A lot of you have asked for advice about looking for work.

Firstly I would urge you never to underestimate the skills you have. You may not have paper qualifications but, if you have raised a family and run a home, you do have skills.

If you have time on your hands and fancy some spare cash, offer your services around your local area. People will pay good money for help with gardening, DIY or even their ironing (£1 per shirt soon adds up). Advertise in your local shop, tell your friends or even put a flyer through doors. If you are a mum with small children, why not look after other children, or even take them to and from school if their parents work full time. You may have to be registered though – www.childminding.org.

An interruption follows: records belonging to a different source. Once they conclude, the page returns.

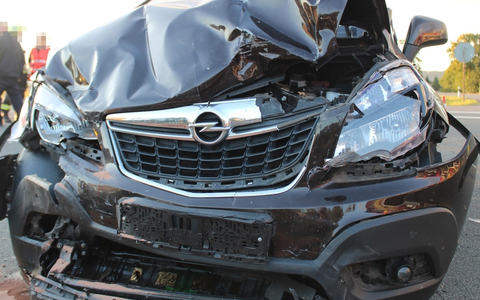 POL-MI: Drei Verletzte nach Zusammenstoß zweier Autos - Foto: presseportal.de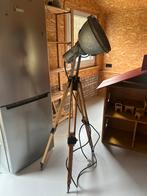 Grote theaterlamp, Huis en Inrichting, Lampen | Vloerlampen, Ophalen, Gebruikt, Hout, 100 tot 150 cm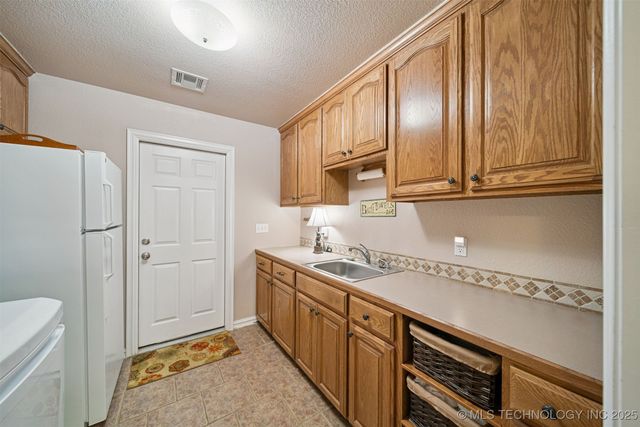 9910 E Shadowlake Lane, Claremore, OK 74017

If you want to apply for work you should prepare a CV, even if you don’t think you have anything to put in it. A CV is really just a record of what you have done in your life. So, on an A4 sheet, put your name, address and contact numbers. Then list anything at all that you have achieved or done – educational certificates, jobs, holiday or voluntary work and your interests.

If you love fashion, say this in your CV and target clothes shops. Or you may be a DIY expert so head for

B&Q or, if you are bookworm, WHSmith and so on.

You may feel so much at home in the supermarket that you want to work there. Staff discount could come in handy too!

Even if they are not looking for staff now, they may be in the future and, if your CV is in their hands, you could be in luck.

The local paper is an obvious place to look for work, but check out local websites such as www.gumtree.com. You could even advertise your services there. Shops and local businesses often put cards in their windows if they are looking for staff so go round your town and look. Don’t wear casual clothes, being smartly dressed gives you an immediate lift and it will make you look serious about looking for work. If the manager isn’t in, leave your CV, ask for his name and follow up with a phone call. Good luck.